After the rally people took to the streets and headed uptown. Over 20 were thrown to the ground, cuffed and arrested. All were later released.
Then, on Jan. 27 thousands assembled at John F. Kennedy airport to protest the immigration ban and to support several Iraqi citizens detained after landing. The crowd was so big that it filled one of the main international terminals. The subway link with the rest of New York was temporarily shut down to prevent people from getting to the airport, a decision overturned by Governor Cuomo.
Cabbies at the airport announced a one-hour strike in support of the immigrants, and Lyft, a car service, pledged a million dollars to the ACLU to fight the immigration orders. Scandalously, however, Uber car service acted like a strikebreaker, picking up passengers in defiance of the call for a strike. The cab drivers chanted “No hate, no fear, immigrants are welcome here.”

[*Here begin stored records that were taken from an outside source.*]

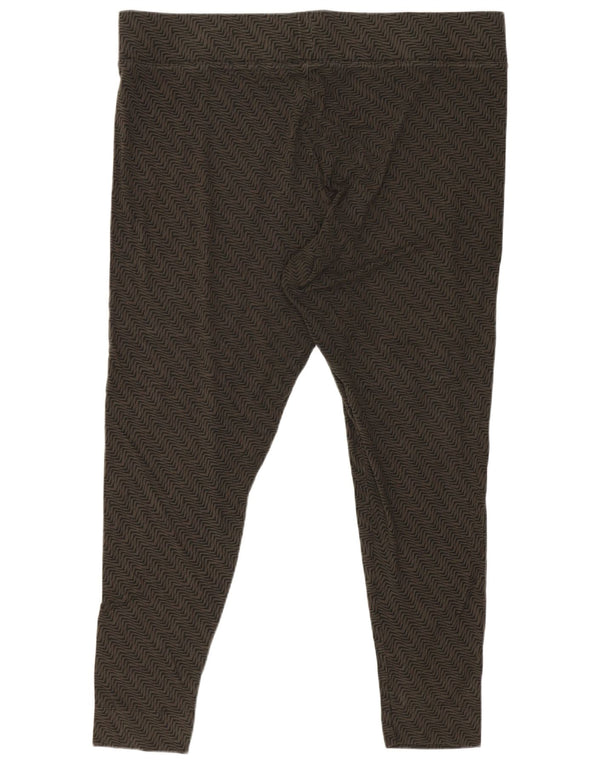 Marks & Spencer Legging Capri Femme UK 20 2XL Kaki Géométrique Viscose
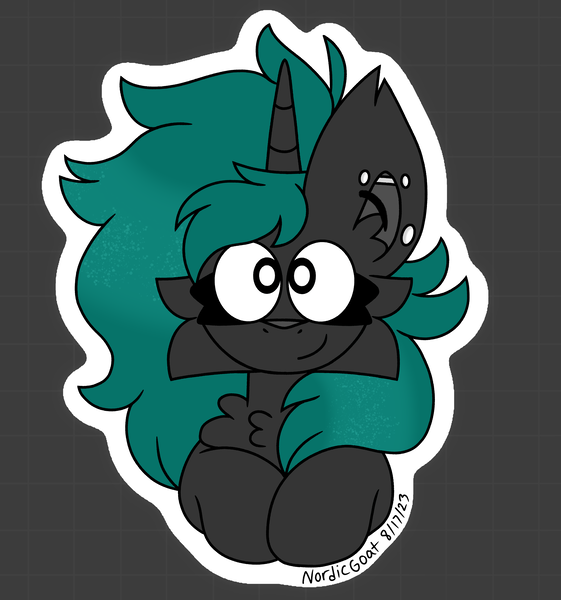 Size: 4000x4275 | Tagged: safe, artist:nordicgoat, derpibooru import, oc, oc:whirlytail, unofficial characters only, unicorn, cheek fluff, chest fluff, ear piercing, female, horn, image, piercing, png, solo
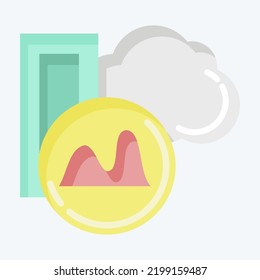 Icon Database Analysis. suitable for education symbol. flat style. simple design editable. design template vector. simple illustration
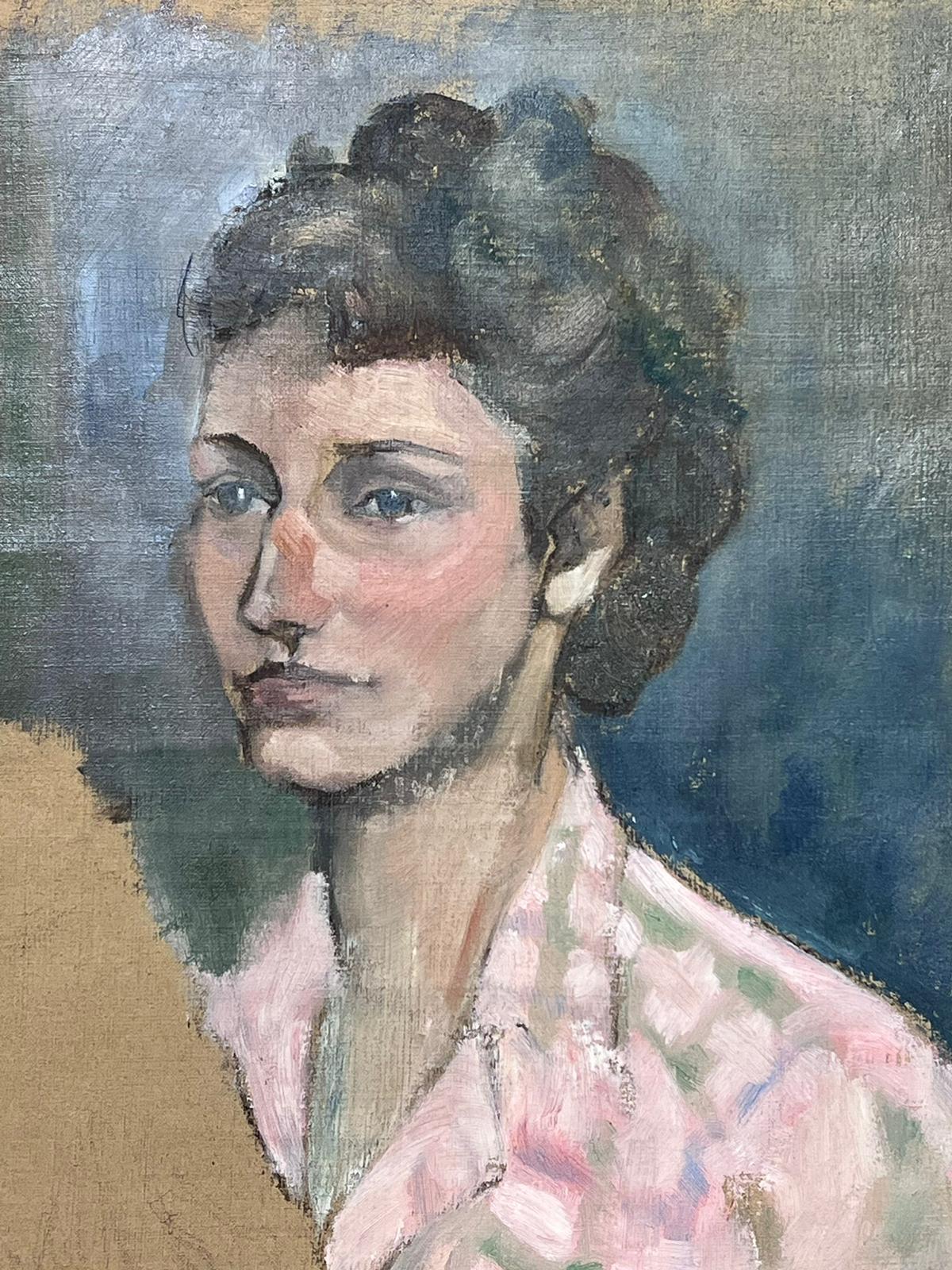 1950s French Post Impressionist Oil Self-Portrait the Artist Unfinished Sketch 1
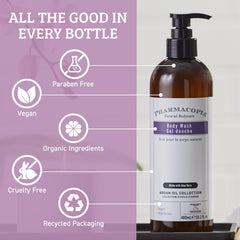 Pharmacopia gel texture on hand demonstrating lightweight lather and moisturizing benefit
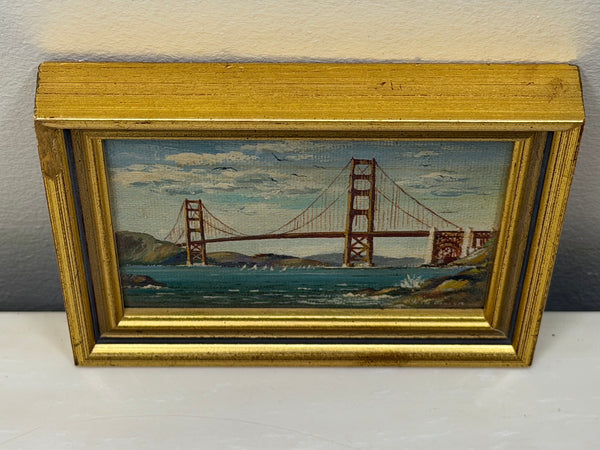 Jean Bowler Miniature Oil Golden Gate Bridge, San Francisco, California, circa 1980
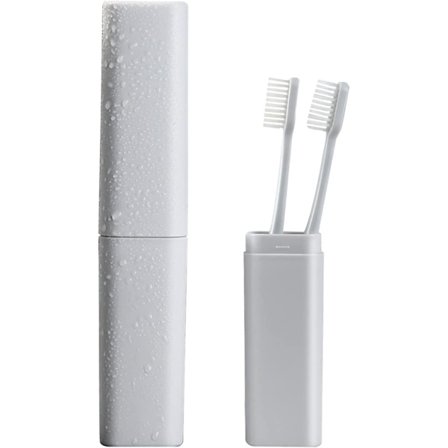 Reise tannbørsteetui bærbar tannbørsteholder 1 stk reiseoppbevaringsboks egnet for reiser ferie camping forretninger hjem (grå)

At the same time, a Brooklyn federal courtroom and halls leading to it were packed with opponents of the ban. Then, on Jan. 29, in response to a citywide call to stand with immigrants, sponsored by many immigrant rights organizations and politicians, over 10,000 people rallied in lower Manhattan with plans to march on the local office of the immigration department. Further protests are a certainty.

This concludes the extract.